"Смутно пробежало что-то очень знакомое, близкое. В моей придавленной хаотической душе есть все, чем и как страдать за красоту.
Природа некрасива. От человека узнали, что она красива… У меня есть наблюдения: две любви природы: 1) как любят родину (природа - родина) и 2) как предмет искусства. Киргизская степь - родина. Швейцария - картина.
- Не хочу добра! - говорит красивая женщина. - Добро скучно.
Мадам Каль от красоты к добру: - Не хочу добра, потому что оно некрасиво. Убейте, я буду красивой. И потому не хочу к Христу: в красоте я все это признаю, но не касайтесь меня. Красота рождается из страдания. Она есть просветление страдающего человека"

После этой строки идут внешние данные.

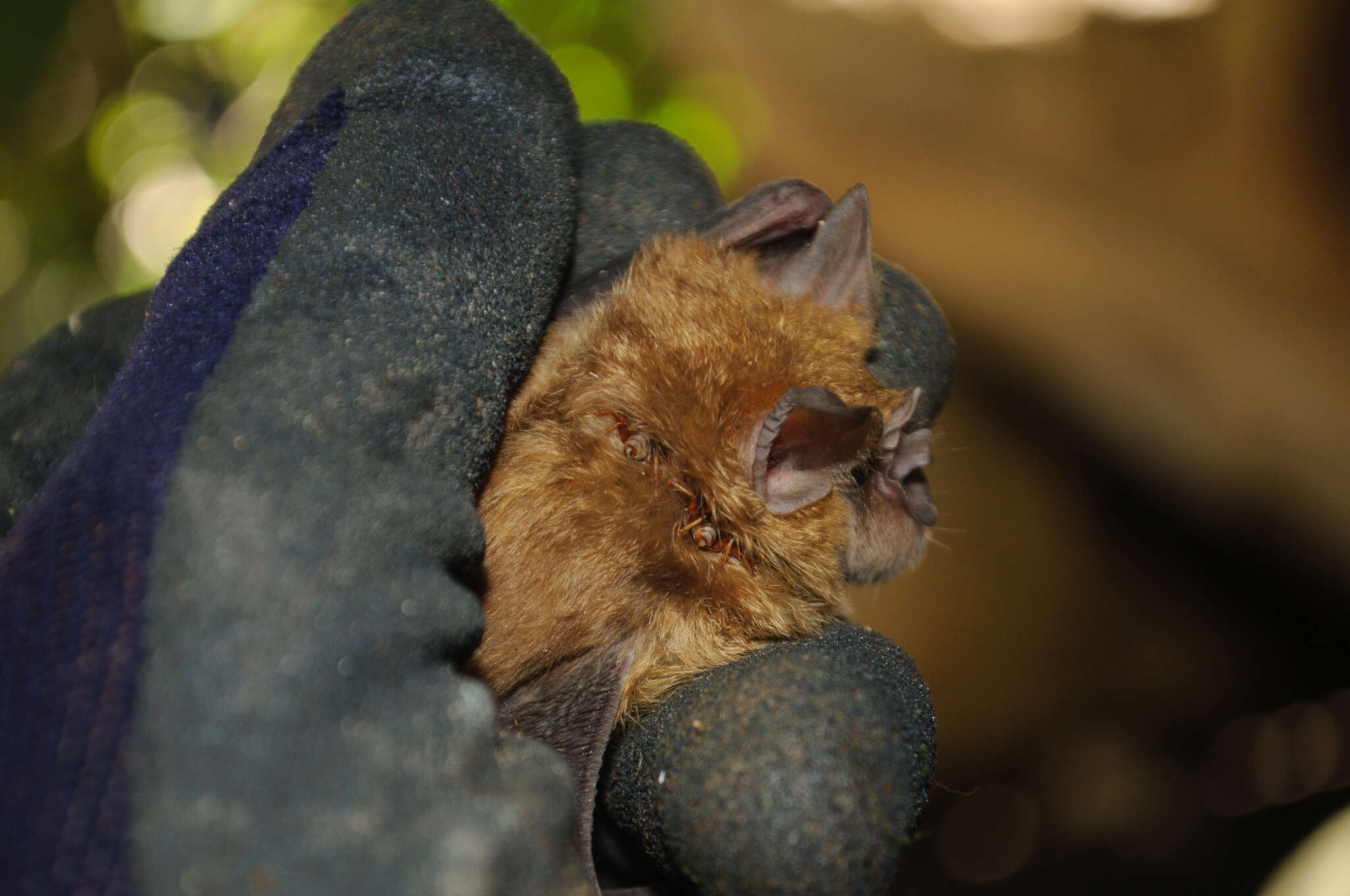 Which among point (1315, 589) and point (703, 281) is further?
point (1315, 589)

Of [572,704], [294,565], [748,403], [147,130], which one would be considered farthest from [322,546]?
[147,130]

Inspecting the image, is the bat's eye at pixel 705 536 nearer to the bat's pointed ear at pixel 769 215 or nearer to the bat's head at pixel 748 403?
the bat's head at pixel 748 403

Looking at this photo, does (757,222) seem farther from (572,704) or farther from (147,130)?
(147,130)

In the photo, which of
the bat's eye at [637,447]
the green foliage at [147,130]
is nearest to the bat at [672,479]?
the bat's eye at [637,447]

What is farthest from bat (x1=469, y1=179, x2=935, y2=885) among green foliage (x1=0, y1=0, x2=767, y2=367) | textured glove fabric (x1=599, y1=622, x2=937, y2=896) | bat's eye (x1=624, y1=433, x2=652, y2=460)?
green foliage (x1=0, y1=0, x2=767, y2=367)

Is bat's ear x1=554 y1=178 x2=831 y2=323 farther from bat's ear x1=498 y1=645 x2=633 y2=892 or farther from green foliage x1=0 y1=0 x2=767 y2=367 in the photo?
green foliage x1=0 y1=0 x2=767 y2=367

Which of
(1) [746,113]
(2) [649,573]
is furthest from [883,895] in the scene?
(1) [746,113]

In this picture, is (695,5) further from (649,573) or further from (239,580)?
(239,580)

Если кто будет искать, то меня пару недель тут не будет. Уезжаю. Пока чукча не писатель, а читатель. Дневники Пришвина, кстати, оказались очень мощными. Не всегда получается вычленить мысль из общего потока (по-моему, и самому автору), но завораживает само течение. Футуристы, декаденты, хлысты, большевики. Выложу еще цитату скорее для себя (длинные тексты в лентах, кажется, мало кто читает), где-то в 1908, если мне изменяет память написано. Не для того, чтобы соглашаться или нет, а так просто на обдумывание, мне кажется, что это важно для объснения того, что тогда происходило:
"Два светила восходят в сознании русского мальчика конца прошлого века: Маркс, а потом Ницше. Одно, Маркс, стоит во главе движения, цель которого есть счастье среднего человека. Другое, Ницше, представитель иной цели - сверхчеловека, личности. Мы видим, как при помощи «Капитала» Маркса он борется с последними народниками, как Михайловский, задавленный лилипутами-марксистами, все еще вскрикивает: «Нет, я жив, жив!»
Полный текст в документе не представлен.